== Segment start ==

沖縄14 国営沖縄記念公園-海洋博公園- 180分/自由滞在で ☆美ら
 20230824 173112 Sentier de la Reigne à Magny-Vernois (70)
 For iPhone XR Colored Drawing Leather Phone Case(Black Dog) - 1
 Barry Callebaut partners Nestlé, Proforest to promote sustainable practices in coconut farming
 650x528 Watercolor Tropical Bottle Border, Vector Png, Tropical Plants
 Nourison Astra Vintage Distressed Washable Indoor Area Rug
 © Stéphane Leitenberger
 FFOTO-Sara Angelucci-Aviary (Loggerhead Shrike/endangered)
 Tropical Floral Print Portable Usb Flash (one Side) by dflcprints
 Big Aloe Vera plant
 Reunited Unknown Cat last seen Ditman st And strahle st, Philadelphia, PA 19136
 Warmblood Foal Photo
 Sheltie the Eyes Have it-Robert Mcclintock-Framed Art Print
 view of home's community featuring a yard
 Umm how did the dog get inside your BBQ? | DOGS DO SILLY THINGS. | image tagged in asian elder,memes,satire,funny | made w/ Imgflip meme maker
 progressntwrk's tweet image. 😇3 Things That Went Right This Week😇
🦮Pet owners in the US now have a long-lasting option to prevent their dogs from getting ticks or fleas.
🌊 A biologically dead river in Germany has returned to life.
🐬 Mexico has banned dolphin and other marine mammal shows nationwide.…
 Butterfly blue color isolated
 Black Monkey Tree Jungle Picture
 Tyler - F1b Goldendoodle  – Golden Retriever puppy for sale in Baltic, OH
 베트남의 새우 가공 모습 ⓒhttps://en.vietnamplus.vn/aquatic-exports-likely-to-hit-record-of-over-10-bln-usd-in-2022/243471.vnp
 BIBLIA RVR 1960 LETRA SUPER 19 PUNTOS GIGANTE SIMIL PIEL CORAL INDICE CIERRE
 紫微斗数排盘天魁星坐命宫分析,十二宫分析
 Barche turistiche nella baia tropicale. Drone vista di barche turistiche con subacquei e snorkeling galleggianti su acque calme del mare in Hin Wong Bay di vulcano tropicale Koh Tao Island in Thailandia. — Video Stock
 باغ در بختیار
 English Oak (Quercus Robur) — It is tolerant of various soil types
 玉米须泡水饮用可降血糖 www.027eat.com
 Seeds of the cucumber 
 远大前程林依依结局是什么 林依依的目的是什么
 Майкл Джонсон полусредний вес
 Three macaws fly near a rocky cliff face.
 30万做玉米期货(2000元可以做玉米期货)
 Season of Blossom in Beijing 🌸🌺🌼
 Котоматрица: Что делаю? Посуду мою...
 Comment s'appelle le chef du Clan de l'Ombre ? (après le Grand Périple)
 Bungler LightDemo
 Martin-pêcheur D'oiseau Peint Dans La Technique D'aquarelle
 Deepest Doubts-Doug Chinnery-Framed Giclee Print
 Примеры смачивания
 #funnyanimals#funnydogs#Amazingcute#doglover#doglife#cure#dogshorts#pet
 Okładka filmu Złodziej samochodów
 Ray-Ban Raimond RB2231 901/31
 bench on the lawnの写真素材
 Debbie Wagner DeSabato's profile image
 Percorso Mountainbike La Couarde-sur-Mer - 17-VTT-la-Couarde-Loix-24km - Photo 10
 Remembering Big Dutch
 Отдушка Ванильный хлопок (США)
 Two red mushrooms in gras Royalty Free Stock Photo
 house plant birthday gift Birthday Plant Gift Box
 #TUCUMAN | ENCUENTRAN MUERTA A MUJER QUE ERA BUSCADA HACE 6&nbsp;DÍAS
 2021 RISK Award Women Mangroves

== Segment end ==

_What the task requires_
Transcribe verbatim. Cover the lines from the first line of the entries above to the line containing "Black Monkey Tree Jungle Picture", inclusive.

_Task result_
沖縄14 国営沖縄記念公園-海洋博公園- 180分/自由滞在で ☆美ら
 20230824 173112 Sentier de la Reigne à Magny-Vernois (70)
 For iPhone XR Colored Drawing Leather Phone Case(Black Dog) - 1
 Barry Callebaut partners Nestlé, Proforest to promote sustainable practices in coconut farming
 650x528 Watercolor Tropical Bottle Border, Vector Png, Tropical Plants
 Nourison Astra Vintage Distressed Washable Indoor Area Rug
 © Stéphane Leitenberger
 FFOTO-Sara Angelucci-Aviary (Loggerhead Shrike/endangered)
 Tropical Floral Print Portable Usb Flash (one Side) by dflcprints
 Big Aloe Vera plant
 Reunited Unknown Cat last seen Ditman st And strahle st, Philadelphia, PA 19136
 Warmblood Foal Photo
 Sheltie the Eyes Have it-Robert Mcclintock-Framed Art Print
 view of home's community featuring a yard
 Umm how did the dog get inside your BBQ? | DOGS DO SILLY THINGS. | image tagged in asian elder,memes,satire,funny | made w/ Imgflip meme maker
 progressntwrk's tweet image. 😇3 Things That Went Right This Week😇
🦮Pet owners in the US now have a long-lasting option to prevent their dogs from getting ticks or fleas.
🌊 A biologically dead river in Germany has returned to life.
🐬 Mexico has banned dolphin and other marine mammal shows nationwide.…
 Butterfly blue color isolated
 Black Monkey Tree Jungle Picture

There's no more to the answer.